There have been 30 suicide cases this past summer,” says Massimo Mari, director of the district mental health department in Jesi, central Italy, as he runs his hand through his hair, his face marked by exhaustion. “There were 15 in just over two weeks, five of which were in the town of Filottrano. People are not being monitored by our network. We just managed to catch a few of them before it was too late. If I’m short of 19 nurses, 19 educators, 11 psychologists and seven psychiatrists, how am I supposed to work? These numbers are the bare minimum to handle emergencies, but ideally you would need…”

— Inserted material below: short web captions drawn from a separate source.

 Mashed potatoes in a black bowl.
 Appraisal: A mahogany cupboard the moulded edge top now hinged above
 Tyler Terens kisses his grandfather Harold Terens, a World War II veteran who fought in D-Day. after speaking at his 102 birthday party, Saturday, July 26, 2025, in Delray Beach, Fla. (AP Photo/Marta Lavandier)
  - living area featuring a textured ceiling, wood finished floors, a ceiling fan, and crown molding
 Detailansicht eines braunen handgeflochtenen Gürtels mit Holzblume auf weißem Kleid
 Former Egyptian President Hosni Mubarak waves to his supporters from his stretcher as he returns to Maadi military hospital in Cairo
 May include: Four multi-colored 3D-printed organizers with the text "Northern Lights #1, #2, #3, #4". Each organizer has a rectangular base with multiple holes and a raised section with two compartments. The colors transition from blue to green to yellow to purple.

He stops. He is irritated by the situation. His gaze is clouded by the hopelessness of it all. Piles of papers and books tower on his desk, bearing witness to the hard work of the past few months. While his own requests for help seem to be ignored, calls for assistance continue to pour in from the community. Some cannot sleep at night, while others have crippling anxiety or are afraid that death is just around the corner. This is the shadow pandemic: that of mental illness.
Nearly 20 per cent of Italy’s population suffers from a mental disorder, and yet the care provided by the Italian health system barely covers 25 per cent of the psychological needs of the people as laid out by the “essential levels of care” – the services and benefits that the Italian national health service (SSN) is required to provide to all citizens. Meanwhile, the average national health expenditure on mental illness amounts to a mere 3.6 per cent of the available budget.